Flack's driving had improved. She liked to think that her once growling 'drive nice!' as he cornered rather too quickly, had sunk in. That or he was getting old. She looked over as he palmed the wheel round several turns and gave their location over the radio at the same time. Angell's death still clung to the lines on his face.
It made her wonder what she'd looked like to those who knew better after Frankie. Once the obvious scars had healed. When she was left with only her private demons, the bile in her throat at the sight of her own bathtub, a lifelong womanly ritual now ruined. She showers now, and it took her a long time to do so without the door open, and her gun on the edge of the sink. Longer than she'd say.
Flack's demons were different. She was smart enough to know that she couldn't help him simply by being someone else to whom a bad thing had happened. She wouldn't belittle him like this. He was beset by helplessness and, she suspected, somewhat stripped of himself by having been unable to save her. What he did the job for every day for years, and he couldn't protect her. He was smart enough to know this wasn't his fault, but that truth was probably weak in the small hours of the months of empty nights that had passed since her death.
Stella looked over at his profile as he peered over a line of traffic, his finger dancing over the switch for the bluesandreds. She wondered if he thought Angell was the one. He pulled out of the line of cars, flicking the switch at the same time, and the surging motion left Stella's stomach behind for a second. He glanced over, waiting for a reprimand, but she was with him, her arm along the window of the car, not white knuckled but cool. No matter how many years on the job, there was still something about screaming down a crowded street in a police car that set her nerves on fire. Flack was focused on the road, weaving in and out. Stella leaned into the back for their vests, just in case. Some things never got old.

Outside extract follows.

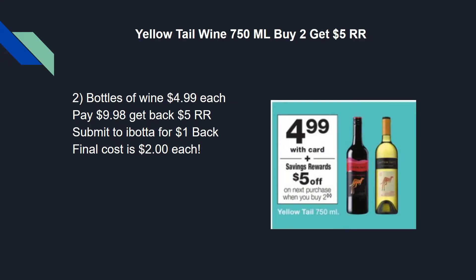A couple of tips on the wine deal: typically you can't pay with points for alcohol, lottery tickets, or cigarettes. However, last time I did this deal it let me pay with points — my transaction was around $20.50 and I used $20 in points and everything went fine. It may be a regional thing, so I'll keep you updated. It may not work this time, so just keep in mind you may have to pay out-of-pocket and then get the $5 register reward back.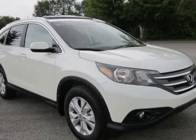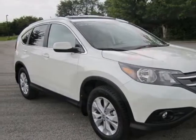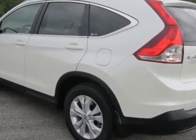Come take a look at this new 2012 Honda CR-V. For your protection, this vehicle has a full factory warranty.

They tore past the building where Angell had been shot. Flack looked, and Stella followed his gaze, before they were back in the chase, focused on the road ahead.

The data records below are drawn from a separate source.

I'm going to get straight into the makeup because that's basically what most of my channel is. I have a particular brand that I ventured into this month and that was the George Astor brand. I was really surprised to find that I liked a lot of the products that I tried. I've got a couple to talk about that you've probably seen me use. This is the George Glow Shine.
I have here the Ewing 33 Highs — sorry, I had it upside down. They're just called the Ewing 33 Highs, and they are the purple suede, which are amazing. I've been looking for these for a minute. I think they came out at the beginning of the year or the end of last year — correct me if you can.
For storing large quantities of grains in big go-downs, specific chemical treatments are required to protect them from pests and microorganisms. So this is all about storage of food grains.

"Almost a year," he said, and it took her a moment to work out what he meant.
They had gotten their man. Stella, gun raised, fingers curling and uncurling around the butt, waited, counting silently, mouthing two, three, four. Flack, opposite, eyes trained on her, nodded on four, and swung around the door jamb, popping it off its hinges with one shoulder. Stella crashed in, the chaos of identifying themselves and scanning the room and cops streaming past her from behind, guns out, causing her heart to race out of her chest. The guy was in bed, at four in the afternoon, his hair stuck straight up in a shock of fuzz as he was hauled up by officers.
Flack tucked his gun away as the guy was led down to the cop cars below. His chest rose and fell quicker than usual, mirroring the quickening beneath her own vest. We are the job. He nodded to her, circled his shoulder a couple of times and broke a small smile.

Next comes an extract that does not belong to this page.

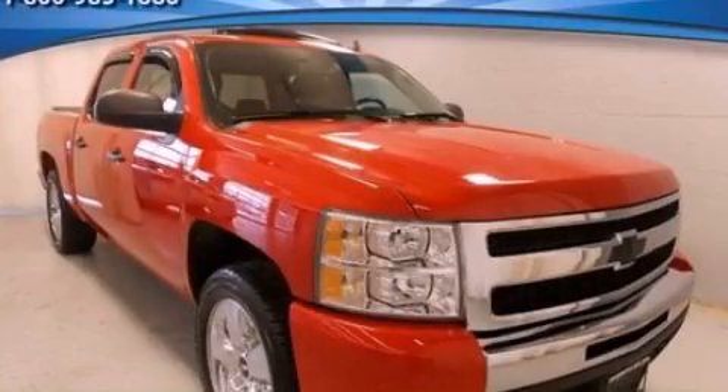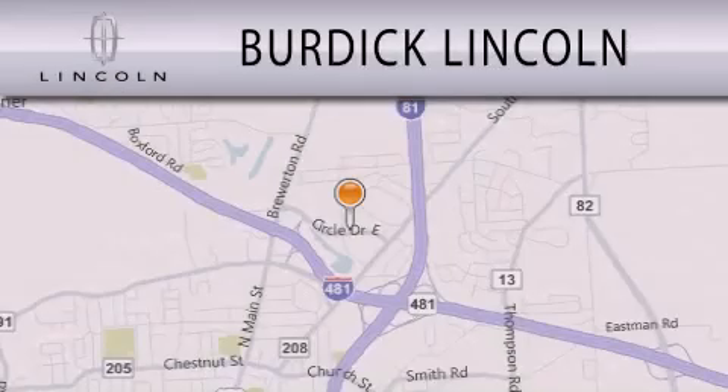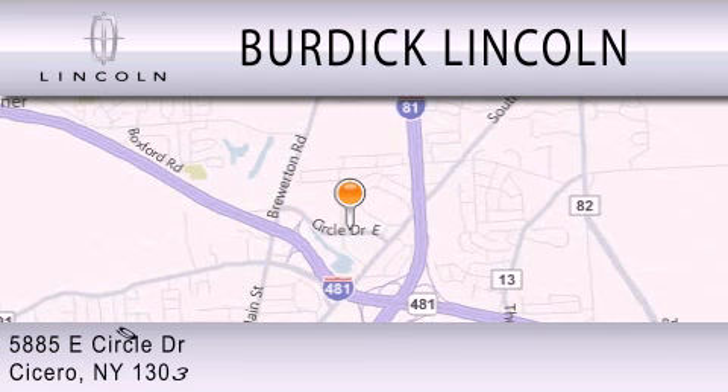Contact us today to arrange your test drive. Burdick Lincoln is dedicated to doing everything possible to ensure that the experience you have selecting your next vehicle is as pleasant as possible. We are located at 5885 East Circle Drive in Cicero.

"Tell me there's beer at the end of this day," he said, and she smiled, and they followed the officers down the hall to the stairwell, leaving behind them the splintered door, shoved back in the space where it used to hang.
Stella listened to her own footsteps back out on the street. She was haunted a little by the fact that she had walked Angell into danger more than once in the months leading up to her death. In harm's way, asking more of her than the job did, and Angell had gone willingly. Seeing Flack's face the day she died, would she have done that if she'd known? Things had been so precarious, and she had been cluelessly adding to the likelihood that something would go wrong. She tried not to think about the fact that she'd done that before, letting Frankie into her life, not getting the force involved even once he'd started to get weird. She hadn't seen it as a risk at the time, not until It was too late. She tried not to think about Flack, and how he must feel. She tried not to think about the reasons for his not telling her. She tried not to think about the honest truth - that she might not have wanted to know.